The price has put me off! Maisie was on Nature's diet or forthglade. So I wasn't paying more for different packaging or a rebrand... If the recipe has changed no thank you!


----------



## Mum2Heidi

To be honest, I’m (and Heidi) loving the new Naturediet in tetra packs.
I threw the towel in with it years ago after the packaging issues and poor customer service. Vowed I’d never use it again.
If anything it suits Heidi better than it ever did. I heard good things about it, contacted ND, told them I was interested to try again but after past experience etc....... They were lovely and offered to send a selection to try.
For years the only wet that suits is Butchers so I’m very happy.
(My local pet shop sells ND £1 each).


----------



## Westie Mum

lullabydream said:


> The price has put me off! Maisie was on Nature's diet or forthglade. So I wasn't paying more for different packaging or a rebrand... If the recipe has changed no thank you!


Thankfully these were about 50 odd pence each at Crufts but yes, I've seen they have dramatically increased the price !

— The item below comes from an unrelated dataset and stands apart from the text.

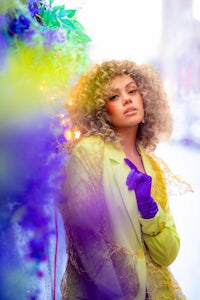 a woman wearing a yellow jacket and purple gloves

Not sure if the recipe has actually changed or not tbh. But not sure I've you've had a milkshake from MacDonald's since they changed to paper straws - they taste totally different now too 



Mum2Heidi said:


> To be honest, I'm (and Heidi) loving the new Naturediet in tetra packs.
> I threw the towel in with it years ago after the packaging issues and poor customer service. Vowed I'd never use it again.
> If anything it suits Heidi better than it ever did. I heard good things about it, contacted ND, told them I was interested to try again but after past experience etc....... They were lovely and offered to send a selection to try.
> For years the only wet that suits is Butchers so I'm very happy.
> (My local pet shop sells ND £1 each).


These were the grain free and Purely ones .... the Purely ones smelt even worse than the grain free ones. A very strange smell, like a mixture between poo and sick :Vomit

That's great they are working for Heidi - either I got a bad batch or I'm just very nose sensitive :Wideyed


----------



## Mum2Heidi

Westie Mum said:


> These were the grain free and Purely ones .... the Purely ones smelt even worse than the grain free ones. A very strange smell, like a mixture between poo and sick :Vomit
> 
> That's great they are working for Heidi - either I got a bad batch or I'm just very nose sensitive :Wideyed


I had grain free and "with rice" to try. Both suit her. Grain free more so. "With rice" firmed things a little too much. Which has been her issue. She's been great on 100% Eden but pooh became so firm and small it wasn't clearing her anal glands - the reason for trying wet again.
For me it's back to it's "steam sterilised" raw days which became lost in their issues.
I'm going to try the Purely instead of picking out the veg (which doesn't agree with her). 
I haven't noticed any nasty whiffs.


----------



## Little-moomin

I am hoping to raw feed, but if I choose not to.. do you feed wet and dry or just wet?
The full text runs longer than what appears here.